Smell 1 – Global variables

Making references to the hashtable and string set in the XMLCONSTRAINTREADER basically makes them global variables.

It’s even more awkward to refer to the nvNoDeclassify variable because it’s an immutable data structure that I just created a reference to. That means that any reference to nvNoDeclassify has to be accompanied by a dereference, i.e. !nvNoDeclassify (essentially *nvNoDeclassify for you C-head).

Smell 2 – What is that function doing?

The function’s type is incomprehensible to me. I’m willing to accept that a constraint reader should return a list of constraints and a lattice graph, but what is (string * int) list also doing being returned? [2]

Why is the function called xml_file_to_constraint_set when it is taking a string? (it probably opens the file handle itself)</li>

In statically typed languages, type annotations can be invaluable in finding functions that are doing too much or doing wrong thing.
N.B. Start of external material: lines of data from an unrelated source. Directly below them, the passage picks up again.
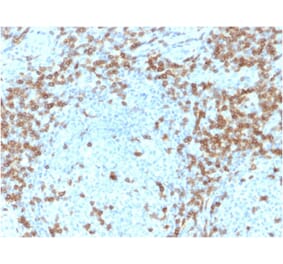 Immunohistochemistry - Anti-CD5 Antibody [CD5/2418] (A250535) - Antibodies.com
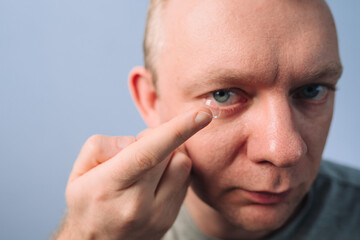 Man inserting clear transparent contact lens in eye. Correction of myopia eyesight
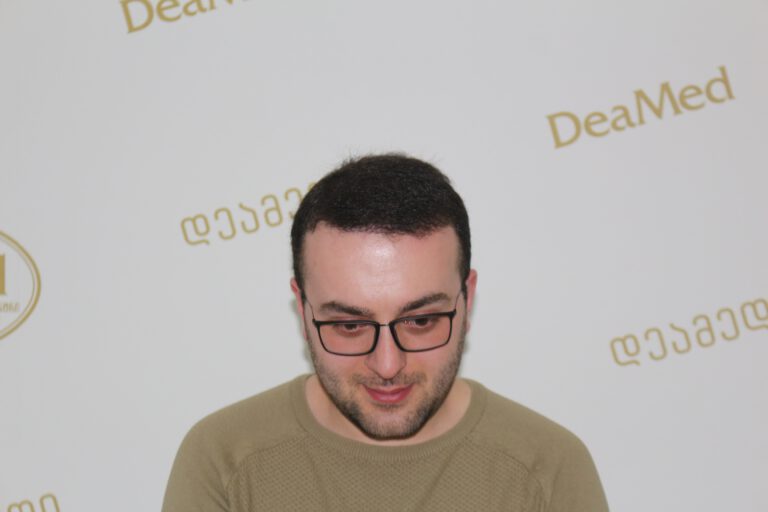 tmis-gadanergva-shedegebi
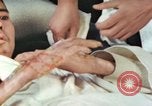 Image of Japanese patient Nagasaki Japan, 1946, second 26 stock footage video 65675060753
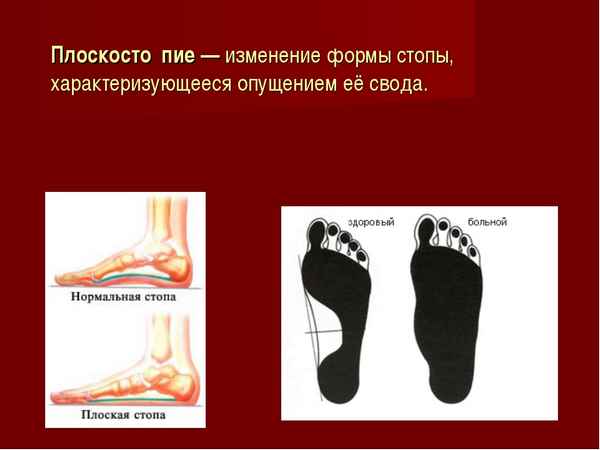 
    Урок биологии по теме "Нарушения осанки и плоскостопие". 8-й класс

      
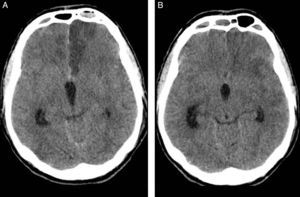 (A) TAC sin contraste a las 24 horas postembolización del aneurisma. Hipodensidad cortico-subcortical en territorio de ACA izquierda consecuencia de la complicación embolígena. (B) TAC sin contraste preangioplastia para tratamiento del vasoespasmo cerebral en el día 12° de HSA. Desaparición de la hipodensidad en territorio tributario de ACA izquierda (fogging effect).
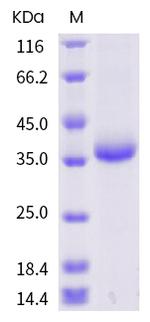 SARS-CoV-2 Spike Protein (RBD) (G485S) His-tag Protein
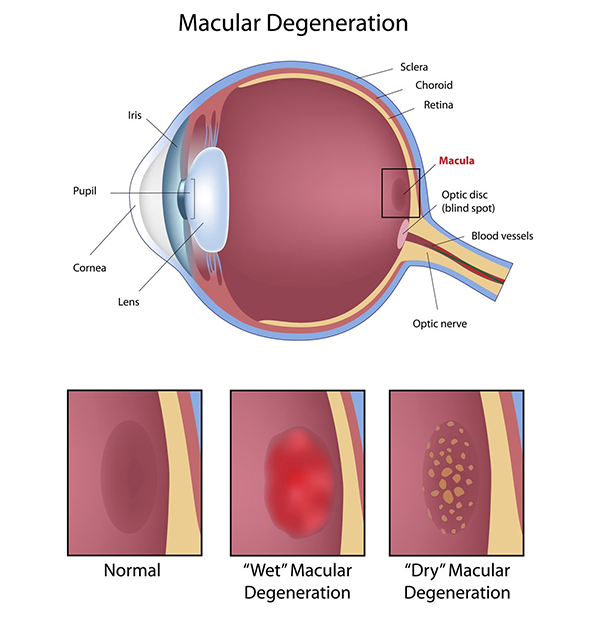 west new york macular degeneration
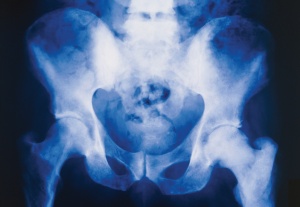 Bone Metastases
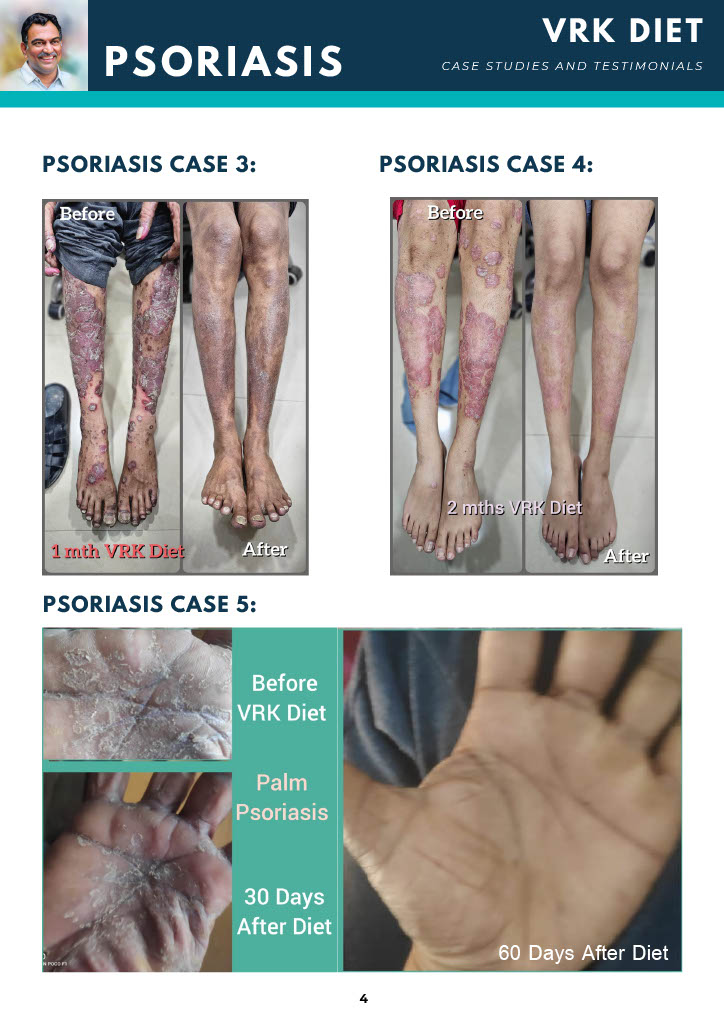 VRK Diet Case Studies (2) (2)1024_6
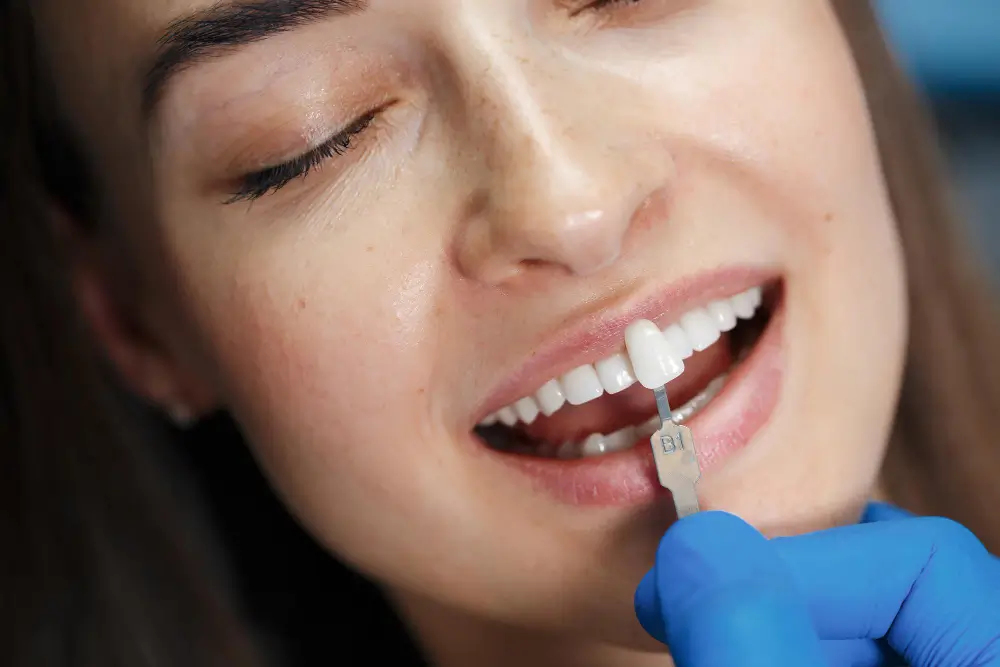 What Are Dental Veneers
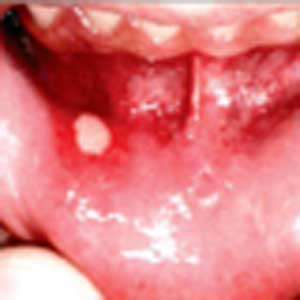 تشخیص و بیماریهای دهان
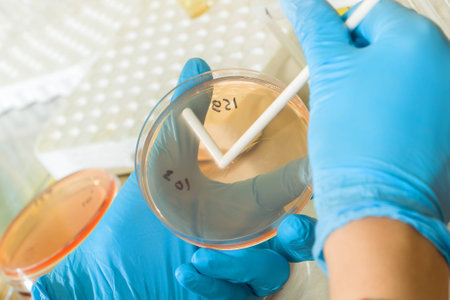 Preparation of cups of Petri for microbiological researches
A lack of clarity in the function signature can indicate a lack of clarity about the underlying functionality of the code.

Smell 3 – Why is this a signature?

Taking away all the bad data structures, we are left with a single function whose implementation is likely to be complicated. There is no data to be hidden, making a signature a bad tool to use for this particular abstraction. (This is somewhat counter to how interfaces are used in OO languages.)

If I Had To Write It Again

This is probably how I’d approach a refactoring on this signature (and its corresponding modules’) functionality.

module type PARSEDCONSTRAINTFILE =
  sig
      (* actual type of t must be defined by
         implementation (module) *)
      type t

      (* create a constraint file *)
      val create : unit -> t

      (* replace hashtables -- parsed file might not
         mention an expression *)
      val getExpression : t -> string -> string option
      val getPosition : t -> string -> string option
      val getWeight : t -> string -> string option

      (* imperative update *)
      val addExpression : t -> string -> string -> unit
      val addPosition  : t -> string -> string -> unit
      val addWeight : t -> string -> string -> unit

      (* replace set *)
      val shouldDeclassify : t -> string -> bool

      (* also need to add iterators, etc *)
  end

(* ParsedConstraintFileImpl is an implementation of
    PARSEDCONSTRAINTFILE *)

val parse_xml_constraint_file
       : file_handle -> ParsedConstraintFileImpl.t

Ideally when writing parse_xml_constraint_file that would only use features of PARSEDCONSTRAINTFILE, allowing us to put parse_xml_constraint_file into a functor, but that is a little beyond this post’s scope.

[1] In the Jif compiler/Andrew Myers’ thesis, the NV of an expression is the security label of observing its value.

[2] The returned (string * int) list turned out to be a list of procedures along with the number of constraints generated per procedure. (Heftier methods generated more constraints, as well as those higher up the call graph.)